▶ Source data:
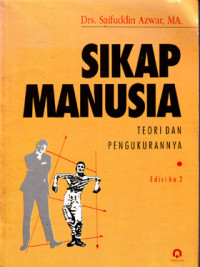 Sikap Manusia : Teori dan Pengukurannya (2003)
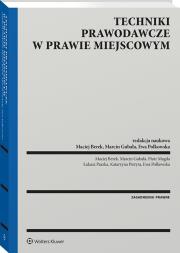Okładka książki Techniki prawodawcze w prawie miejscowym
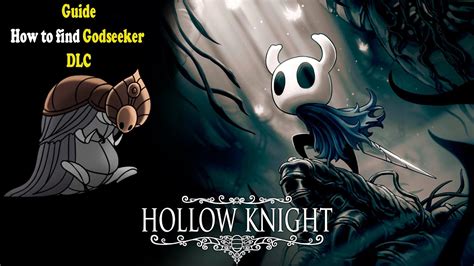 Hollow Knight Guide How To Find Godseeker Youtube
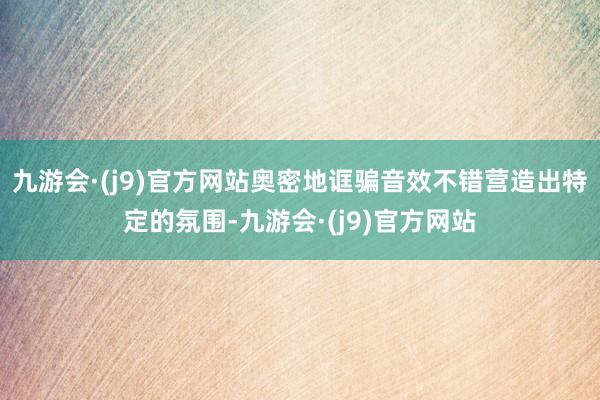 九游会·(j9)官方网站奥密地诓骗音效不错营造出特定的氛围-九游会·(j9)官方网站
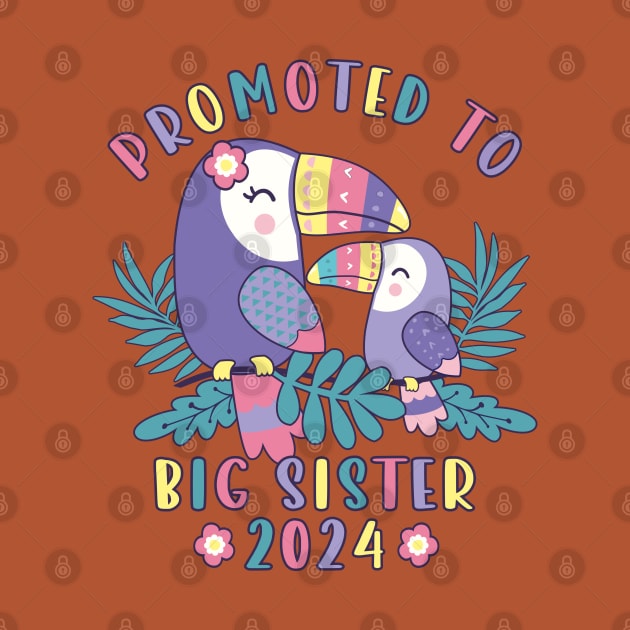 Promoted To Big sister 2024 Cute Tucan Siblings Girls by FloraLi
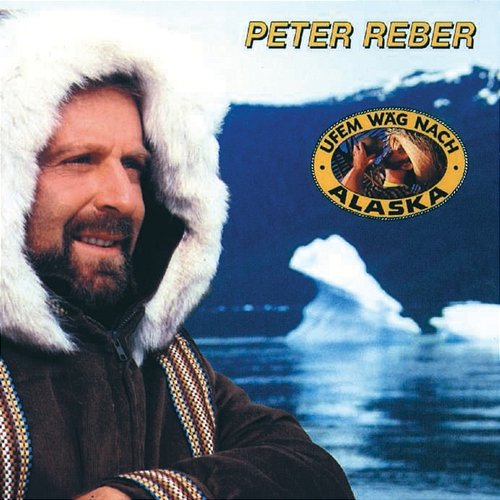 Uf em Wäg nach Alaska Peter Reber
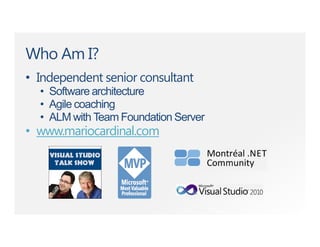 Who Am I?
• Independent senior consultant
• Software architecture
• Agile coaching
• ALM with Team Foundation Server
• www.mariocardinal.com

▶ Work instructions:
Each record above should be repeated exactly, please, without pictures.

▶ Written response:
 Sikap Manusia : Teori dan Pengukurannya (2003)
Okładka książki Techniki prawodawcze w prawie miejscowym
 Hollow Knight Guide How To Find Godseeker Youtube
 九游会·(j9)官方网站奥密地诓骗音效不错营造出特定的氛围-九游会·(j9)官方网站
 Promoted To Big sister 2024 Cute Tucan Siblings Girls by FloraLi
 Uf em Wäg nach Alaska Peter Reber
 Who Am I?
• Independent senior consultant
• Software architecture
• Agile coaching
• ALM with Team Foundation Server
• www.mariocardinal.com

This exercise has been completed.